Ask the Russians. Some of the best jokes about the Soviets, it’s often said, came from the Soviet Union. Did you hear about poor Mikhail, who was packed off to Siberia? “Why didn’t you come for the last party meeting,” he was asked. “If I had known it was the LAST party meeting, I wouldn’t have missed it,” he replied.

Despotism has always triggered humour. Much before India started wisecracking about politics — taking potshots at everybody from Arvind “Mufflerman” Kejriwal and Rahul “Pappu” Gandhi to Narendra “Feku” Modi — people in Pakistan, reeling under religious diktats and military coups, were finding solace in humour. And a lot of it took shape during General Zia ul-Haq’s dictatorship.

The general, a story went, had a stone eye that looked real. The first person to guess which eye was made of stone would get a reward, Zia announced. Many tried and failed. Then a poor schoolteacher went to Zia, and pointed correctly to the stone eye. How did you guess, Zia asked. “Ah, I saw reham — mercy — in that eye,” the teacher replied.

Political jokes don’t fade away. They reappear in different forms at different times. A 1956 joke about a Czech dog meeting a Polish dog at the border cropped up during the Arab uprisings. Why did you cross the border, the Polish dog asks the Czech dog in the original. To eat, he replies. And you? To bark, says the Polish dog. The dogs have merely changed nationality over the years.

An old Zia joke is being recycled, too. Every time Zia went for a haircut, the barber would ask: “General, when are the elections?” Zia got suspicious. The intelligence took the barber into custody. “Why do you always question him about the elections,” he was asked. “Because it makes his hair stand on end, and I can trim it easily,” he replied.

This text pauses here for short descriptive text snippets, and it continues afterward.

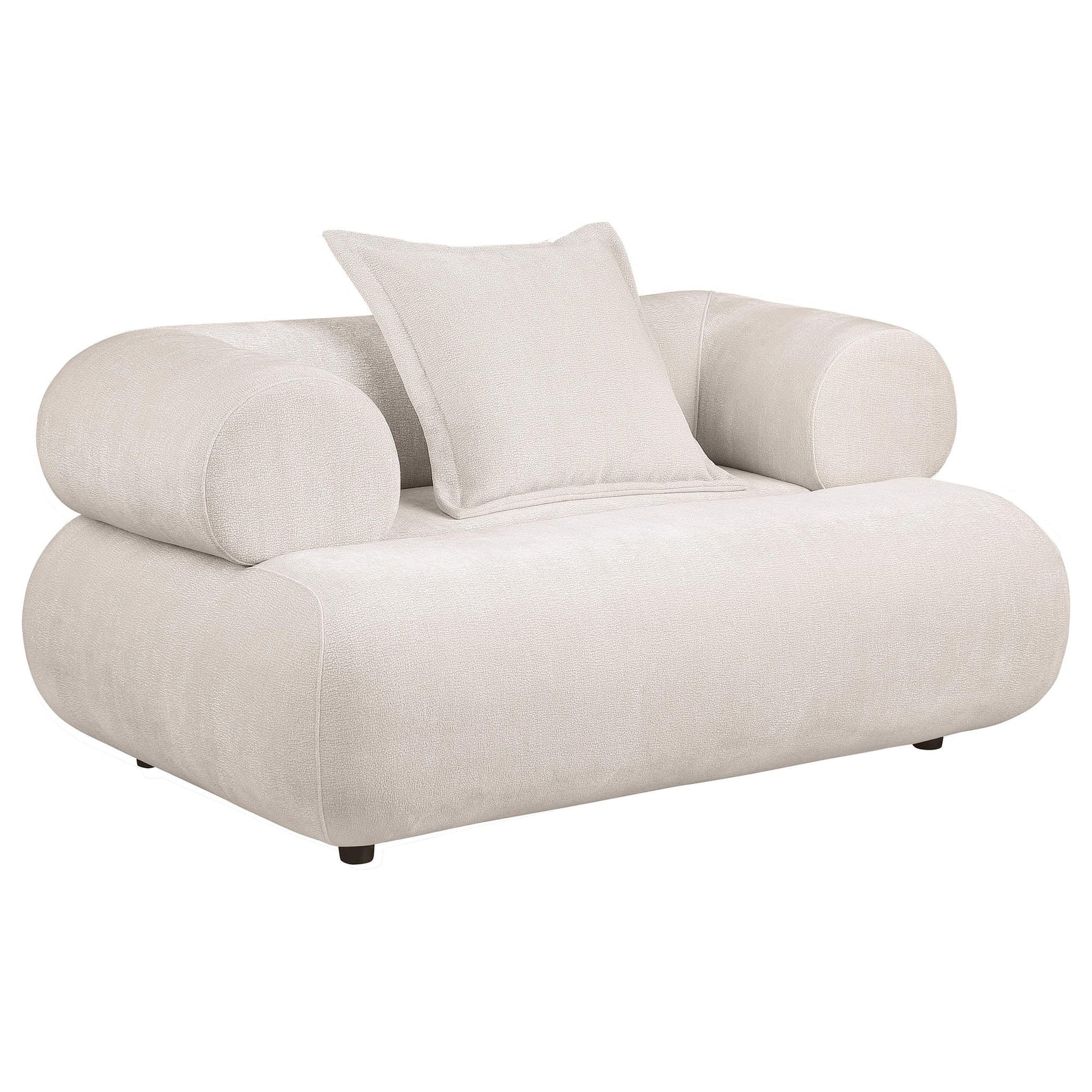 Eskola 2-Piece Chenille Sofa and Accent Chair Set Ivory view 4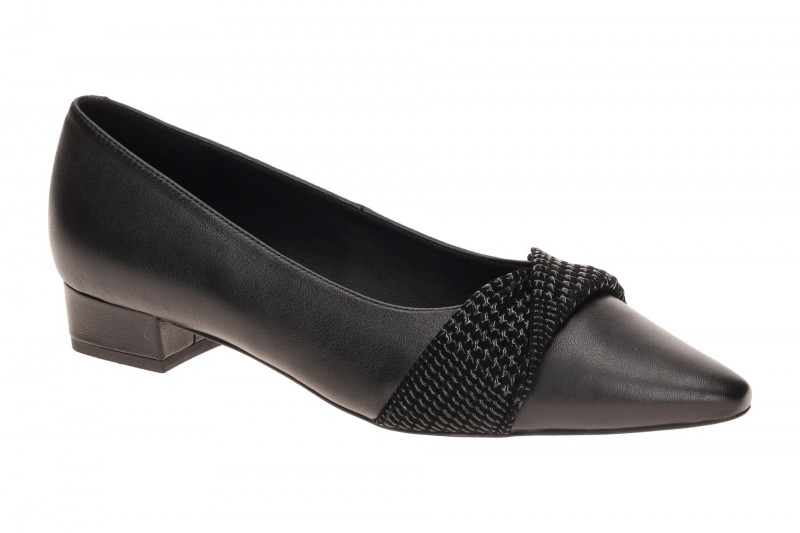Peter Kaiser Pumps schwarz matt Glattleder 72242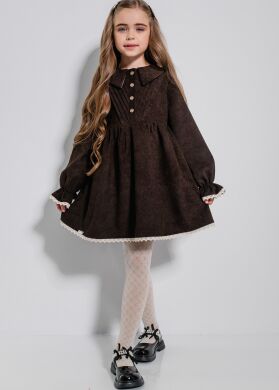 Плаття дитяче Лінея SUZIE, Шоколадний, 128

The same joke — but with Kejriwal (the barber asks, “What do you think of Najeeb Jung?”), with Modi (“What was that about the puppy?”) and Gandhi (“When is your next speech in Parliament?”) — has been doing the rounds. The answer is always the same.

There was a time when it was argued that Indians didn’t have a sense of humour. Political satire then came solely as cartoons and occasional columns. There were a few humour magazines here and there — such as Tamil Nadu’s Ananda Vikatan — but political jokes mostly spread through word of mouth.

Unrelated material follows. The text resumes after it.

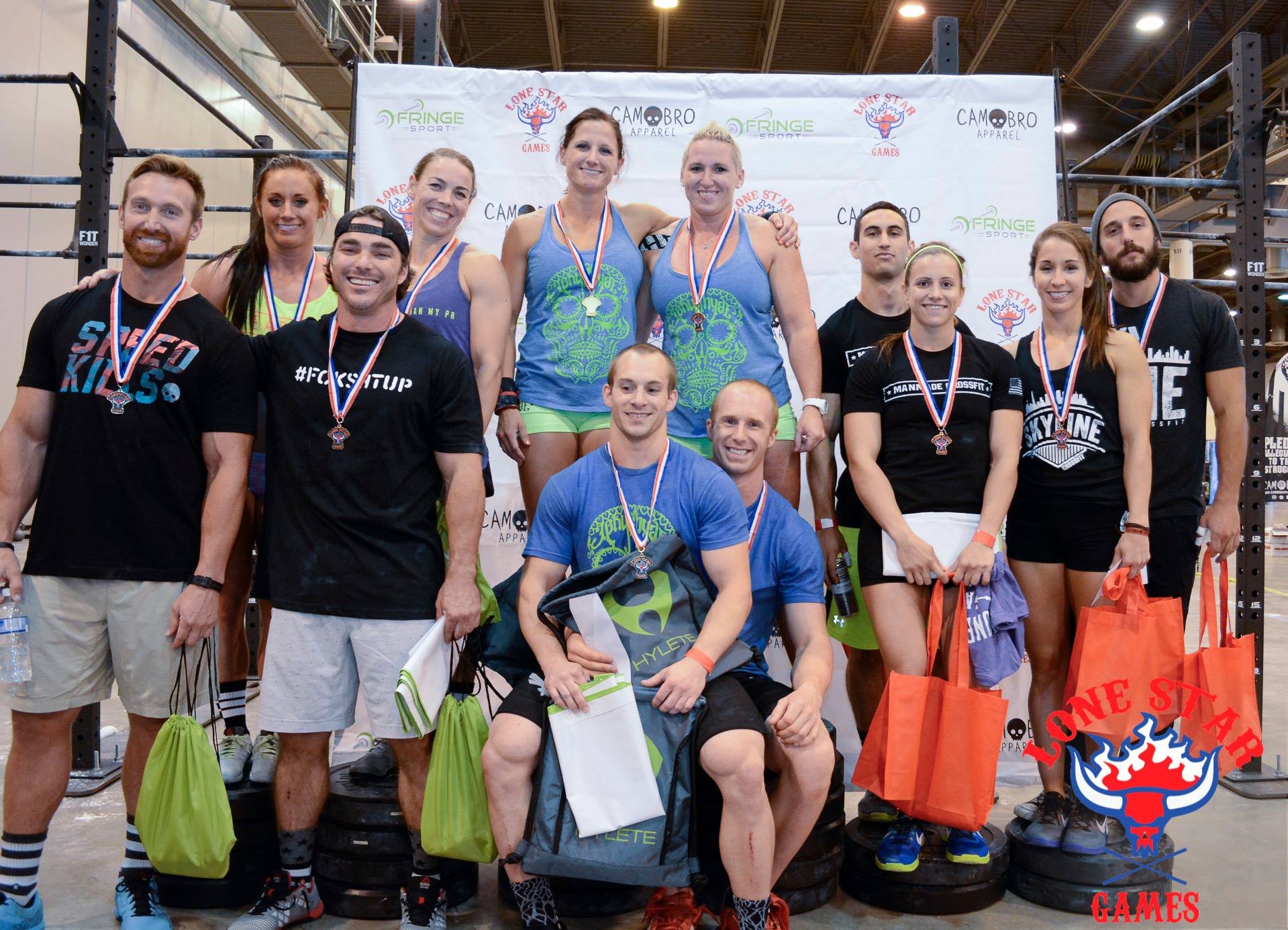 Dylan and Beth placing 3rd at Fittest Summer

The advent of satellite television — and the stand-up comedian — unlocked the door to the dark humour that was lurking behind. The Internet opened the floodgates. The creators are said to be mostly young engineers, many of them based in the West and missing home. They have a joke for every subject — from elections and budgets to smog, films, politicians and Ramdev. Especially Ramdev.

But if there is ever a contest for the subject that’s generated the most gags, demonetisation will win. There are scores of jokes about Modi (“Let me deal with the black bucks, beta,” he tells Salman Khan) and even on the dubious colour of the new 2,000-rupee note (How to make rose milk: boil milk, add sugar, dip the new note in for a few seconds).

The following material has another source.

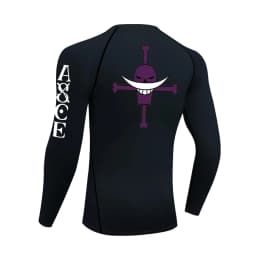 Men's Rash Guard Anime Manga Print Gym Compression Shirts Fitness Quick Dry Rashguard Sport Tops Tees Outdoor Summer SPF 60 Male
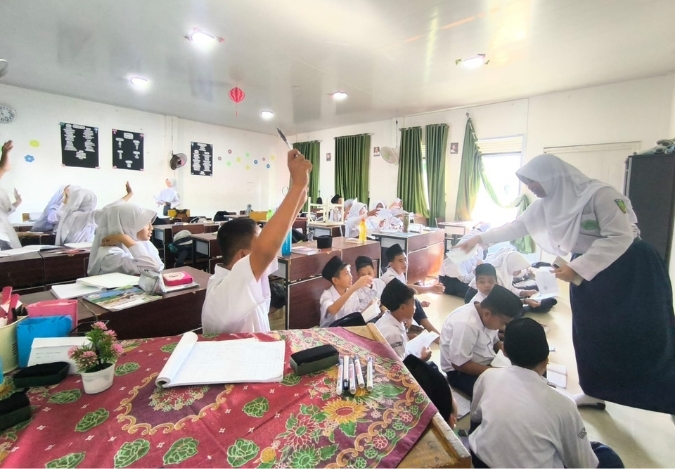 Semangat Berkemah: Pramuka MTsN 2 Kota Jambi Ajak Kelas 7 Ikuti Perjusa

The most popular ones are those about the queues in front of the banks. Two people meet after ages. What are 
the kids doing, one asks the other. 

The elder son is in SBI, his wife is in ICICI, the second son in HDFC, his wife is in Canara Bank. Daughter, not married, is in Axis Bank, he replies. All well settled then? No, they are standing in the queue.

And then there is the worried child who tells his mother that a strange man with a long white beard is at the door. “That’s your dad, back home after standing in the queue for money,” she says. “Go touch his feet.”

The jokes are being recounted in every possible language. Bengalis even have a new version of Krishnakali, Tagore’s lyrical ode to a dark woman. Here, of course, the subject is black money. “Kalo,” goes the refrain.

Meantime, the jury is out on one little cartoon. It shows two Nigerians reading an email from India. “A ‘Prince Kumar’ has 100 million stuck and he wants our help — we will get 50 per cent (in 500 and 1,000 rupee notes)…,” a woman says. Sure that was a joke?